Desde que había recibido el bautismo no era el mismo hombre. Es como si hubiese recuperado su juventud. Siempre atado a su bastón, apenas lograba caminar con sus piernas débiles y torcidas. Había sobrevivido a dos operaciones y a no sé cuántas estancias en el hospital, pero todos los viernes de Cuaresma era el primero en llegar para el Vía Crucis y no se perdía ni una Misa matinal por muy temprana que fuese. Cada año, cuando hacíamos el retiro de Cuaresma a tres kilómetros de la ciudad, era el primero en tomar su viejo bastón y ponerse en camino.

Hablé un buen rato con él. Había pasado casi toda su vida enseñando a los demás y me confesaba que no es fácil enseñar hoy a los jóvenes. “Ya no es lo mismo –me decía–. Antes el maestro tenía una cierta autoridad, ahora los jóvenes ya casi no nos escuchan”. De hecho, me habló de sus propios hijos y, concretamente de una de sus hijas, que se había ido a vivir con un hombre sin haber celebrado el matrimonio. Según la tradición, el marido tiene que pagar la dote o, al menos, mostrar un interés por la familia de su mujer. Hablamos largo rato sobre el asunto. Su hija debería recibir el bautismo aquel mismo año, pero Jonás se oponía porque ni ella ni su marido mostraban excesivo interés por arreglar su situación matrimonial, ni con la Iglesia ni con la tradición. “Yo me bauticé de viejo –me dijo orgulloso–. Ella es joven y tiene todavía que comprender qué significa ser cristiano y vivir como cristiano”.

Como casi todos los ancianos africanos, Jonás tenía una nutrida familia a su alrededor. Su casa estaba siempre llena de gente. Cuando le propuse hacerle alguna fotografía para que en España pudieran conocer a uno de los ancianos ilustres de la parroquia, convocó a todos, se puso su mejor traje y me dijo: “Ya estoy listo, Padre. Cuando usted quiera puede filmarme”. Después de una buena sesión de fotografía, me preguntó por mi familia y se quedó un poco sorprendido de que mi padre sólo haya tenido cinco hijos. Pero cuando le dije que mi abuela tuvo más de cincuenta nietos y biznietos, se quedó más tranquilo.
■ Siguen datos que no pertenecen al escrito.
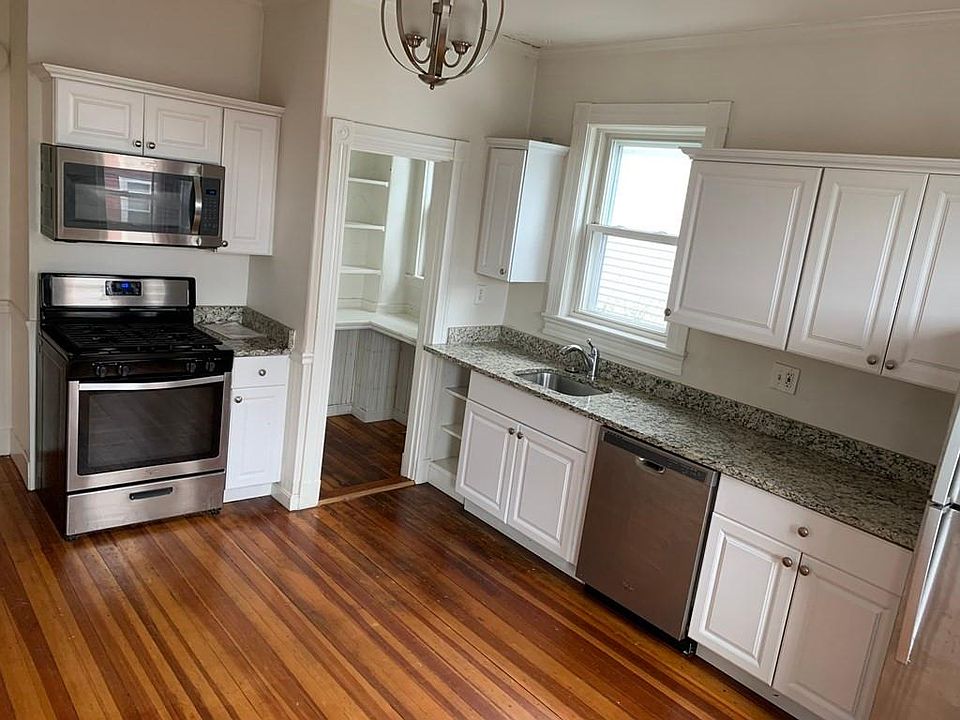 1st image of 77 Saint Andrew Rd #2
Para un anciano africano, la descendencia es algo muy importante, porque sus hijos y sus nietos son toda la riqueza que tienen y, de alguna manera, la herencia que dejan cuando se va a reunir con los antepasados.
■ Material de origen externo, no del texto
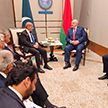 Александр Лукашенко проводит встречу с премьером Пакистана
Cuando llevábamos conversando un rato, llamó a una de sus hijas y le dijo que me sirviera un vaso de té. Entonces la conversación empezó a ir por otros derroteros. Jonás empezó a sacar su vena de maestro y con una delicadeza que sólo dan las canas empezó a darme una serie de consejos. “Padre –me dijo casi en voz baja–, el otro día hiciste algo que no está bien”. Le pregunté qué había hecho, pensando en alguno de los innumerables errores que seguía cometiendo a pesar de ir conociendo ya unas cuantas cosas de la mentalidad ngambay. “El domingo pasado –susurró–, tu camisa estaba rota cuando viniste a decir la Misa, y eso no es bueno. El domingo es el día del Señor y tenemos que estar todos bien vestidos”. En África es muy fácil que se te haga un roto en el pantalón o en la camisa, y al final, acabas acostumbrándote a ello. Sin embargo, para la gente, el día de fiesta es un día muy especial, y el párroco tiene que ser el primero en vivirlo.

Aquella pequeña corrección de Jonás me hizo pensar. Más que por el “error” en sí, por la forma de decírmelo. No es normal que la gente se atreva a corregirte, y menos aún si eres un blanco. Sólo un anciano se atreve a ello. Esa es una de las grandes riquezas que los caracteriza. Tienen una habilidad especial para encontrar el momento y la forma de decirte las cosas. Entonces me di cuenta de que “babá” Jonás me había tomado ya por uno más de su familia.